+++ Data for the task +++
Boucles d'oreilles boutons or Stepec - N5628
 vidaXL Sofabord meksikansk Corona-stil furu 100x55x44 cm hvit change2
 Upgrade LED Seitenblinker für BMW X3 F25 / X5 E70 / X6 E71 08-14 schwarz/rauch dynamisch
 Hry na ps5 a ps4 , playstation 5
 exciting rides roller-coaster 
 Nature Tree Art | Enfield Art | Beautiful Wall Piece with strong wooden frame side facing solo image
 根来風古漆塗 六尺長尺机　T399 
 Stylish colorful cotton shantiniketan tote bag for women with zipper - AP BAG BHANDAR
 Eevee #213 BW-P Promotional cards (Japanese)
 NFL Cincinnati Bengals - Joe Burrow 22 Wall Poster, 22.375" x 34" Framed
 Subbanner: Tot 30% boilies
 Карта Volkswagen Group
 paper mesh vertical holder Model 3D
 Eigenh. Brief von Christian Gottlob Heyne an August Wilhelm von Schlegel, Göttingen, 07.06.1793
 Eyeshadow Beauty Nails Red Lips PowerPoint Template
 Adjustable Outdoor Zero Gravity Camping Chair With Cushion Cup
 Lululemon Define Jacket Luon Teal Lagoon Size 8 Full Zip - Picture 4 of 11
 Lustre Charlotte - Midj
+++
> **Description of the task**: Sift the material for lines with the string "Wall". Copy each one found.

> **Answer to the exercise**:
 Nature Tree Art | Enfield Art | Beautiful Wall Piece with strong wooden frame side facing solo image
 NFL Cincinnati Bengals - Joe Burrow 22 Wall Poster, 22.375" x 34" Framed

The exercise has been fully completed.